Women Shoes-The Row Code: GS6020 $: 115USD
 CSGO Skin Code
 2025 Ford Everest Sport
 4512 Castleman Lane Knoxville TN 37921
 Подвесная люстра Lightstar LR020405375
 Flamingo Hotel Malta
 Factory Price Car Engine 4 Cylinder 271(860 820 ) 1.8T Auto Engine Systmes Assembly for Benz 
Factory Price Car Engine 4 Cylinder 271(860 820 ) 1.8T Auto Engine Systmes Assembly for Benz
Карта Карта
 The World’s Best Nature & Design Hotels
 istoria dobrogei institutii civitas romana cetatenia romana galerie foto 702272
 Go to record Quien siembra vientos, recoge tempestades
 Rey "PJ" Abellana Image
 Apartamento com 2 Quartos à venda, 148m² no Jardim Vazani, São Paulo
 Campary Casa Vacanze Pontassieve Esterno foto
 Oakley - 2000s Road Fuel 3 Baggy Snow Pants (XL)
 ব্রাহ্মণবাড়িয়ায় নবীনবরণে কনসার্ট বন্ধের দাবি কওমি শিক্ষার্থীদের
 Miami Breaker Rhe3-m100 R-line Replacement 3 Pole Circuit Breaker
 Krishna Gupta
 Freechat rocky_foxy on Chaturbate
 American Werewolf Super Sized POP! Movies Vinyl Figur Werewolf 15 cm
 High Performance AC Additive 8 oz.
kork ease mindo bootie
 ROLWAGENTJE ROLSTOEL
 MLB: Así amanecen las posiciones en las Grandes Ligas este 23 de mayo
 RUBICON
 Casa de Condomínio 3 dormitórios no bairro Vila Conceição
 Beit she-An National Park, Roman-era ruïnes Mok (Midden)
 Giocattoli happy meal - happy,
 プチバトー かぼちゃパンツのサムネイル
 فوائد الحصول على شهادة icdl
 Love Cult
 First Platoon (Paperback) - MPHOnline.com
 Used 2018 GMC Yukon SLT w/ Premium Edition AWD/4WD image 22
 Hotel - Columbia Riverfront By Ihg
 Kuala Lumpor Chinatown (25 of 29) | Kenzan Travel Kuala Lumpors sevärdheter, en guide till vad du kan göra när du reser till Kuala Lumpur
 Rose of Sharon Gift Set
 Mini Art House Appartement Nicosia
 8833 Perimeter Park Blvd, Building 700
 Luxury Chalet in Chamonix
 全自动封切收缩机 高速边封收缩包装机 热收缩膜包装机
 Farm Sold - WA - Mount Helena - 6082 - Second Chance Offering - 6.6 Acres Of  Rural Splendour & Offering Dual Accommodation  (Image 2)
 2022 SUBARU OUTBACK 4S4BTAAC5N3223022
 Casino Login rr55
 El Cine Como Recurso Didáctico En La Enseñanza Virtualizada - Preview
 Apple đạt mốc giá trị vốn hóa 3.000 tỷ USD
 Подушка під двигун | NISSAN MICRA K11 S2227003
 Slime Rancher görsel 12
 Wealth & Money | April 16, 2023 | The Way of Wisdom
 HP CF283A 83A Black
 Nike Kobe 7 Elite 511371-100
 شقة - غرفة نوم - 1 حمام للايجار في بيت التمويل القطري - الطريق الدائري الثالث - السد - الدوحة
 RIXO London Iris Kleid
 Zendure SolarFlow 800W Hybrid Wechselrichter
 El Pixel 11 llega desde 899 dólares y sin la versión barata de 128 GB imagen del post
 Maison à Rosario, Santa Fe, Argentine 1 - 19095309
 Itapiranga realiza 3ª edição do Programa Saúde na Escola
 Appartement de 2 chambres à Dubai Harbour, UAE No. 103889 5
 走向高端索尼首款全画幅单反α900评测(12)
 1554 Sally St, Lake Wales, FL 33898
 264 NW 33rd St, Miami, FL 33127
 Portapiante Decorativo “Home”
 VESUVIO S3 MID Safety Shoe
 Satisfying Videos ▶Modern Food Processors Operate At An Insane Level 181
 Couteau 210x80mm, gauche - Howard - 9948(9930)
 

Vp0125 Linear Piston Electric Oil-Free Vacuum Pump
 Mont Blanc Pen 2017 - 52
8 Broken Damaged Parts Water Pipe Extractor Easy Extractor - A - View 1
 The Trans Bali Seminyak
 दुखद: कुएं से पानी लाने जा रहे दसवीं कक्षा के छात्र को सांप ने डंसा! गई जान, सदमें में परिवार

* PROBLEM STATEMENT
Could you repeat exactly the lines above from the line with "2025 Ford Everest Sport" up to and including the line with "The World’s Best Nature & Design Hotels", and only those?

* PROBLEM SOLUTION
 2025 Ford Everest Sport
 4512 Castleman Lane Knoxville TN 37921
 Подвесная люстра Lightstar LR020405375
 Flamingo Hotel Malta
 Factory Price Car Engine 4 Cylinder 271(860 820 ) 1.8T Auto Engine Systmes Assembly for Benz 
Factory Price Car Engine 4 Cylinder 271(860 820 ) 1.8T Auto Engine Systmes Assembly for Benz
Карта Карта
 The World’s Best Nature & Design Hotels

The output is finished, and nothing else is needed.